Я запросто могла бы вызвать в памяти запах травы и бросить корзинку из пахучей соломы в этот роман, откровенно петляя какой-нибудь главой. Теперь для меня самое важное – назвать. Как только я погружаюсь в запах травы, опускаю в него лицо, я тут же обязана назвать его: г-н запах травы. А море, сумасшедшее море, я тоже должна познакомить его с собой, вернее, представить своему телу: это твой большой друг – море. Оно узнало его, но не бросилось навстречу. Я – нежная мать, прогуливающая в Виши капризное дитя – собственное тело. «Поздоровайся с мадам Дюпон, которая была так добра с тобой в прошлом году (или десять лет назад), когда ты болела». А ребенок упирается. Отказывается он порой и от аромата любви, и от ее колдовских чар.

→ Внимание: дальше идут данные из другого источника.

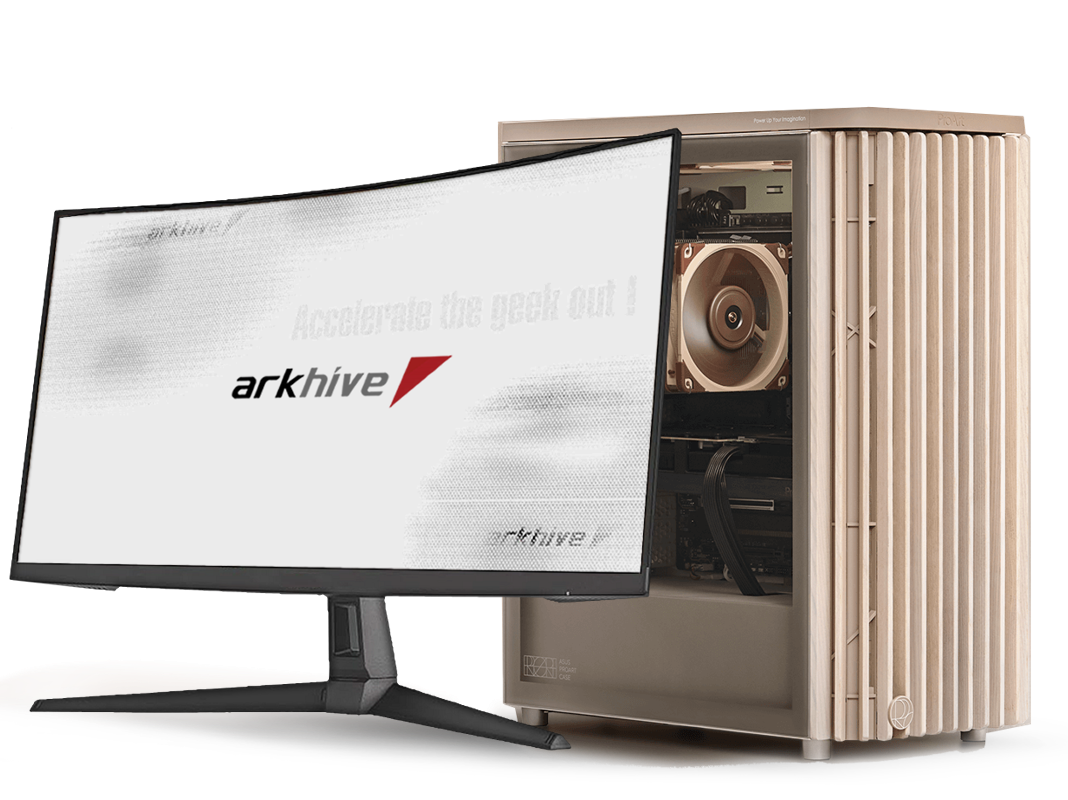 あぷ PC ARK arkhive Creator Alliance Powered by ASUS CN-A7G57R AC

И я в испуге отворачиваюсь от разноцветных реклам в газетах, где прозрачное море омывает красноватые утесы, где простираются безукоризненные пляжи за тысячу триста пятьдесят франков в оба конца. «О, пусть они едут туда, – вздыхает мое зачарованное тело, – пусть они все туда едут, пусть загорают и развлекаются в тех местах, которые так часто были для меня смыслом жизни, моей любовью, моей добычей. Пусть они берегут их. Да здравствуют Средиземноморские клубы. К черту море с тем же названием! Пусть оно резвится с юными завсегдатаями или со старыми, с туристами – бедное, безумное море! Я больше не буду его воспевать, я его забуду; впрочем, нет, однажды, в какой-нибудь подходящий день, в апреле например, я случайно поеду туда, рассеянно окуну в него ногу или руку, зябко поеживаясь. Оно и я, как много раз прежде…» Наверное, грустно стареть: больше не узнавать своих. И что я скажу об этих многочисленных телах, которые шагают рядом с моим, через пятнадцать лет, с которыми засыпаю или время от времени оживляюсь и от которых теперь бегу, как будто я стала воплощением того, о чем говорит Элюар: «Худое, рвущееся ввысь тело, зверь, любимый в детстве, – это тело растерянной птицы»?


Себастьян поднимался по лестнице ступенька за ступенькой, то и дело с трудом переводя дух. Шестой этаж был для него все-таки высоковат. И не потому, что ему мешал слишком большой вес, дело было в десяти тысячах сигарет, выкуренных давно и недавно, и десяти тысячах стаканов всяких напитков – их разнообразие и сейчас заставило его улыбнуться. И правда, в последние годы завелась привычка вспоминать напитки, а не женщин, как это было раньше. Был год коктейля «Негрони», соответствующий году Недды, год сухого мартини, соответствующий году Мариэллы Деллы, хоть это и длилось больше года. Год рома, в Бразилии, с Анной Марией. Как все это было весело, бог ты мой! В конечном счете, он не был ни ходоком, ни любителем выпить, просто его восхищало соединение вина и женщин. В любом случае господствующей величиной существования была его сестра Элеонора, она, и только она, без вина и вместе со всем вином в мире. Во все времена жизнь без нее, вино без нее были все равно что пресная вода. В самом деле, куда удобнее, когда кто-то смотрит за тобой, даже если этот кто-то – что бы она там ни говорила – еще больший раб, чем ты сам. Время от времени она взбадривалась, выходила замуж, исчезала, и через несколько путаных месяцев и многочисленных ссор, о которых она рассказывала не иначе, как по прошествии долгого времени и всегда весело смеясь, она возвращалась. Богатая или бедная, изнуренная или пышущая здоровьем, грустная или веселая, но всегда сумасбродная, несравненная, прекрасная Элеонора, его сестра, возвращалась к нему.